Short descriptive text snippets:
╭──

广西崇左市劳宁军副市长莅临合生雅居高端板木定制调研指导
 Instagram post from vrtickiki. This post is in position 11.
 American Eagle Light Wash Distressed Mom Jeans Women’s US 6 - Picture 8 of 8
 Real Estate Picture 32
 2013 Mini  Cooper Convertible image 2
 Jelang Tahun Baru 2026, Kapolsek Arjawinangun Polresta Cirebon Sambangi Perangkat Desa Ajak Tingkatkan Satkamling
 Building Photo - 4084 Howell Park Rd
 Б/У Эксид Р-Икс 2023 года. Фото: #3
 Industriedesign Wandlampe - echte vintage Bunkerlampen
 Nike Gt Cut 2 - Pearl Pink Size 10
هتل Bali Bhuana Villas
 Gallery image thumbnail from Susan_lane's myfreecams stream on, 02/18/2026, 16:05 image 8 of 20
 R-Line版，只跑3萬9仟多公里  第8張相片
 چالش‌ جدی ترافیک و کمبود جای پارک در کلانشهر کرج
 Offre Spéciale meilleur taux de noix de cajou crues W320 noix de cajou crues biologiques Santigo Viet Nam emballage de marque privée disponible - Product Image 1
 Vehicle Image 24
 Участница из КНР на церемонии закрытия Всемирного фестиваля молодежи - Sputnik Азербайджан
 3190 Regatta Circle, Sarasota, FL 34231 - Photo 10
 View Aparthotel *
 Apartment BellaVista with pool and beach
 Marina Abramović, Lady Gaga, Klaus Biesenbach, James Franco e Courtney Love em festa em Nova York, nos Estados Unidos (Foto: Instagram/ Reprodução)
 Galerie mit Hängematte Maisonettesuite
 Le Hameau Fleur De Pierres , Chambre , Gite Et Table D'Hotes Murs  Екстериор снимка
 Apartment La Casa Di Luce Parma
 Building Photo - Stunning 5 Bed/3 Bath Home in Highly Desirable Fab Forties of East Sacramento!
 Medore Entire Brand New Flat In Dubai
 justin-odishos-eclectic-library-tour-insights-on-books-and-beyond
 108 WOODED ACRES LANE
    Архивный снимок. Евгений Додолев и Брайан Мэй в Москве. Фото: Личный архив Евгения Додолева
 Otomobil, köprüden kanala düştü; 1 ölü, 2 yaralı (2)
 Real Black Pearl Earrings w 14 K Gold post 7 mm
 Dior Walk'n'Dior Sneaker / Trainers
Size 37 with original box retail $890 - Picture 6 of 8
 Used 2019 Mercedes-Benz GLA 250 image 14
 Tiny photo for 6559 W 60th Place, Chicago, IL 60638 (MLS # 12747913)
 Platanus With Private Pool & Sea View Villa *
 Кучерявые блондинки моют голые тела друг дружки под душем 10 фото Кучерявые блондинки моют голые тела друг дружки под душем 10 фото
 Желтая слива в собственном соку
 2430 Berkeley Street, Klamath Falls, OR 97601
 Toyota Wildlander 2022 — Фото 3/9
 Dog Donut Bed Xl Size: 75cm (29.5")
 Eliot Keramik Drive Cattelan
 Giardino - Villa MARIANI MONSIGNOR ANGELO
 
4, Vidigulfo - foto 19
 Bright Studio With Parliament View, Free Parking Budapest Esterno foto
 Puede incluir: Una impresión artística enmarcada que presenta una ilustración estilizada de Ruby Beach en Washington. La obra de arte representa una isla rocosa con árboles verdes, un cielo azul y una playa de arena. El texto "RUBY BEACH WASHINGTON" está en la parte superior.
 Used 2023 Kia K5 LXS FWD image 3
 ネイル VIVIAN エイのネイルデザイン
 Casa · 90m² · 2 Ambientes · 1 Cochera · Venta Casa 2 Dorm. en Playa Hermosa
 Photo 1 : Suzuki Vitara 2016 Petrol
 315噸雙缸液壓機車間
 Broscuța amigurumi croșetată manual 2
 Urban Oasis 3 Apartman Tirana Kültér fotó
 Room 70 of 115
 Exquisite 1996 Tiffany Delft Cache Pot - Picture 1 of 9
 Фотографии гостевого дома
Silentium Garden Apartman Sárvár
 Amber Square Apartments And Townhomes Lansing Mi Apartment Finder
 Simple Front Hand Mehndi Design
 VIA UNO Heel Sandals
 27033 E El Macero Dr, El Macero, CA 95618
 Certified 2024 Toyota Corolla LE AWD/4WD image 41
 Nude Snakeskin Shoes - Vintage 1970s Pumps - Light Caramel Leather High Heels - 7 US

╰──

Your task is to copy every line in the entries that holds the string "View".

Answer space:
 View Aparthotel *
 Platanus With Private Pool & Sea View Villa *
 Bright Studio With Parliament View, Free Parking Budapest Esterno foto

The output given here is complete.